The 5.13a crux pitch that Honnold climbed is known as the “Boulder Problem” pitch and involves an improbable sequence on a razor-thin hold. Even before getting to that pitch, however, Honnold did battle with wide cracks known as the “Hollow Flake” and the “Monster Offwidth.”
Up on the wall, he was preternaturally calm considering he was adrift in a 3,000-foot tall sea of granite. “Not any real moments of doubt,” Alex said in the National Geographic interview. “The Freeblast [the first section of the route] was still engaging for sure. And the first roof (at the start of the third pitch), I’m always a little bit tense there because you’re just starting up the route.”
In an email to The Outdoor Journal several hours after Honnold’s climb, Maury Birdwell, longtime friend of Alex’s, Executive Director of the Honnold Foundation and TOJ Advisor, wrote, “Just talked to him, he's so stoked, I'm so relieved (and I think he is too a bit).” Birdwell added, “People will try to understand Alex and what he experienced up there, but ultimately it’s for him and him alone. It was dangerous, risky, and incomprehensible—like all things wild and beautiful.”
“People will be talking about this for as long as we live,” Brad Gobright—an American climber and himself a leading free soloist—told The Outdoor Journal about Honnold’s climb. “I think it’s one of the greatest athletic achievements of all time.”
Honnold had been preparing himself for soloing El Capitan for years. As one of climbing’s biggest unclaimed prizes, the solo became his ultimate climbing aspiration. He pushed himself on big climbs—both roped and unroped—around the world, from the Fitz Traverse in Patagonia to El Sendero Luminoso in Mexico; from the big walls of Morocco’s Taghia Gorge to Mount Kenya and Mount Poi in Kenya.
“All of Honnold’s major solos before this were done almost casually without much rehearsal,” Gobright said. “Barely anyone knew he was planning to do them until they were already done. [His solo of] Freerider has been more than five years of preparation and anticipation by the entire climbing community. I think the headline of this achievement will make it the most publicised rock climb of all time.”
And, of course, Honnold put in dozens of laps on Freerider and Yosemite’s other glacier-polished walls. Yosemite’s granite faces are slick and glassy, just one more detail that makes the prospect of soloing El Capitan so hair-raising. At times, Honnold was padding up near-featureless slabs, trusting his life to the delicate friction created between his rubber soles and the gray-white stone.
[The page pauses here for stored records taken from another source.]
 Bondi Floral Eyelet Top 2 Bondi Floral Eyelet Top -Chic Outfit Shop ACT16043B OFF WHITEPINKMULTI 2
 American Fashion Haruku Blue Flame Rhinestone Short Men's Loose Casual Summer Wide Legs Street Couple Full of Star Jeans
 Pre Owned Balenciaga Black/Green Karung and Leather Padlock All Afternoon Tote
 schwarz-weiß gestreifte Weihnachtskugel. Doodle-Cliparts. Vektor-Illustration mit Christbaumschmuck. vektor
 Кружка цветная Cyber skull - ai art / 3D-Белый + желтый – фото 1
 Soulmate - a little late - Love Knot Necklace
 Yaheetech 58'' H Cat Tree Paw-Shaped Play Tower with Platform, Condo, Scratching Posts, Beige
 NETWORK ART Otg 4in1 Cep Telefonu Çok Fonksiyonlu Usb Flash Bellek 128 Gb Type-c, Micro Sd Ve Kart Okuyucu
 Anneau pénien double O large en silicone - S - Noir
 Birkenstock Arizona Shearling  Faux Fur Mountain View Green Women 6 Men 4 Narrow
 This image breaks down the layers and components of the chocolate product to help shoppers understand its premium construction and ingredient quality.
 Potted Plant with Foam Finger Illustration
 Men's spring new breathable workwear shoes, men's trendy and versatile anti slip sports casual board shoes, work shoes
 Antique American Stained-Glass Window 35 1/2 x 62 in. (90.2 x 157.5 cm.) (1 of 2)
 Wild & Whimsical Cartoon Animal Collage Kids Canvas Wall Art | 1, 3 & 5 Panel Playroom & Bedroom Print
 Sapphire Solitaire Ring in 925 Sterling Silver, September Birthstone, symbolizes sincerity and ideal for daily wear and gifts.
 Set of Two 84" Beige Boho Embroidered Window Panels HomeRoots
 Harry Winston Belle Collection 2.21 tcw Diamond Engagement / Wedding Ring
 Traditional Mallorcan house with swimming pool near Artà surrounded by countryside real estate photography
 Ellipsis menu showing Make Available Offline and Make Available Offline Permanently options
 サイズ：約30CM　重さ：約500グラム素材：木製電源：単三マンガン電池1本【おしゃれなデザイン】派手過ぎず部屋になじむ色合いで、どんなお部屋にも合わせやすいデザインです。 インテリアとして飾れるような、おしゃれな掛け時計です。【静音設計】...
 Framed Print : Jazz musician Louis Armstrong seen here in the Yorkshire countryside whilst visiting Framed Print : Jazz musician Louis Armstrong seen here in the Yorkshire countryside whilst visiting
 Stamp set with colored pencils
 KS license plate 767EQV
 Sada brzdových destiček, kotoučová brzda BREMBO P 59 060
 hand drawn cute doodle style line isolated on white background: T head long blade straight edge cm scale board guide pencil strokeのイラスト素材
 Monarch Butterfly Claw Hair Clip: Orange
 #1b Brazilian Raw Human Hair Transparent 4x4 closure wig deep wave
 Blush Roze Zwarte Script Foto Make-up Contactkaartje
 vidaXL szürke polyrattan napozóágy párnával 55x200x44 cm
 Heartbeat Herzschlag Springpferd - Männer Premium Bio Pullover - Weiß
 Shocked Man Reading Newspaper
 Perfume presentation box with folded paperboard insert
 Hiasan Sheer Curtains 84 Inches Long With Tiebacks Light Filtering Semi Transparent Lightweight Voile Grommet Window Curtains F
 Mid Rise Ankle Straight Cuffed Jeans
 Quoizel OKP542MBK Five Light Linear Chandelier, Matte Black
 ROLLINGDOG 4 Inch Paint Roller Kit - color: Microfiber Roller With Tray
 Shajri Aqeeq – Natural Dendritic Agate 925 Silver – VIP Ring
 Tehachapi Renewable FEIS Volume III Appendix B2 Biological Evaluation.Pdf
Matt Bush, a South African free soloist who himself is no stranger to technical granite slab climbing, told The Outdoor Journal, “This may be the boldest and most daring freesolo ascent of all time. It's a phenomenal achievement that exemplifies the power of dreams and the human spirit. It's been inspiring for me to watch Alex's seemingly impossible feats. He's taking freesolo to great levels.”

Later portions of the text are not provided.